[Source records]
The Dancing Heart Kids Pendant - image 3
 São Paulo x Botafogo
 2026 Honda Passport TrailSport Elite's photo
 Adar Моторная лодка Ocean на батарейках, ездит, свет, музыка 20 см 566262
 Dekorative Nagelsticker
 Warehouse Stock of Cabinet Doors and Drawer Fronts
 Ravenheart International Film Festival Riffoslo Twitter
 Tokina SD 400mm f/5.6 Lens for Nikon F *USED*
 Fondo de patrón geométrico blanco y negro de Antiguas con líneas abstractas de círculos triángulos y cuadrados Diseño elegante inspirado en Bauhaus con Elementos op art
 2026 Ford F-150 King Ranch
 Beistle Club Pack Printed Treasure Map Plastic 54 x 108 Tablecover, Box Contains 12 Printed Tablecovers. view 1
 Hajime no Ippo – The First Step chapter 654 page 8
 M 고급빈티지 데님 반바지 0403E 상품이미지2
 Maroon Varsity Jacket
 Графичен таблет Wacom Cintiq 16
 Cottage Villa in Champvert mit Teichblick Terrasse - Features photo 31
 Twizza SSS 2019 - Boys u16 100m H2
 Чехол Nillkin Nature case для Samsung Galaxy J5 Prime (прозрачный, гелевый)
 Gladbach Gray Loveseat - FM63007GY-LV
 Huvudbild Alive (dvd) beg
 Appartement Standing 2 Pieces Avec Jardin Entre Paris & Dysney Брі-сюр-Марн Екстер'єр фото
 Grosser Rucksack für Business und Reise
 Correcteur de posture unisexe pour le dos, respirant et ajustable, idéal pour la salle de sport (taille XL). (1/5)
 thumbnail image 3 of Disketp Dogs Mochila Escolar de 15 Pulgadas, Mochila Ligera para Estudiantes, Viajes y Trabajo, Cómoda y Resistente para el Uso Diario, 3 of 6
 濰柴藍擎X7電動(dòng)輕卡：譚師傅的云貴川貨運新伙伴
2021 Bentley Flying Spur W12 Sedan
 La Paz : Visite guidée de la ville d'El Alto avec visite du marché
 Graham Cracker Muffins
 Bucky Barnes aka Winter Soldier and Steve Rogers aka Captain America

▶ Task brief: Nothing but the lines from the one containing "Maroon Varsity Jacket" through the last line of the data above should be given again, each exactly as it stands.

▶ Solution below:
 Maroon Varsity Jacket
 Графичен таблет Wacom Cintiq 16
 Cottage Villa in Champvert mit Teichblick Terrasse - Features photo 31
 Twizza SSS 2019 - Boys u16 100m H2
 Чехол Nillkin Nature case для Samsung Galaxy J5 Prime (прозрачный, гелевый)
 Gladbach Gray Loveseat - FM63007GY-LV
 Huvudbild Alive (dvd) beg
 Appartement Standing 2 Pieces Avec Jardin Entre Paris & Dysney Брі-сюр-Марн Екстер'єр фото
 Grosser Rucksack für Business und Reise
 Correcteur de posture unisexe pour le dos, respirant et ajustable, idéal pour la salle de sport (taille XL). (1/5)
 thumbnail image 3 of Disketp Dogs Mochila Escolar de 15 Pulgadas, Mochila Ligera para Estudiantes, Viajes y Trabajo, Cómoda y Resistente para el Uso Diario, 3 of 6
 濰柴藍擎X7電動(dòng)輕卡：譚師傅的云貴川貨運新伙伴
2021 Bentley Flying Spur W12 Sedan
 La Paz : Visite guidée de la ville d'El Alto avec visite du marché
 Graham Cracker Muffins
 Bucky Barnes aka Winter Soldier and Steve Rogers aka Captain America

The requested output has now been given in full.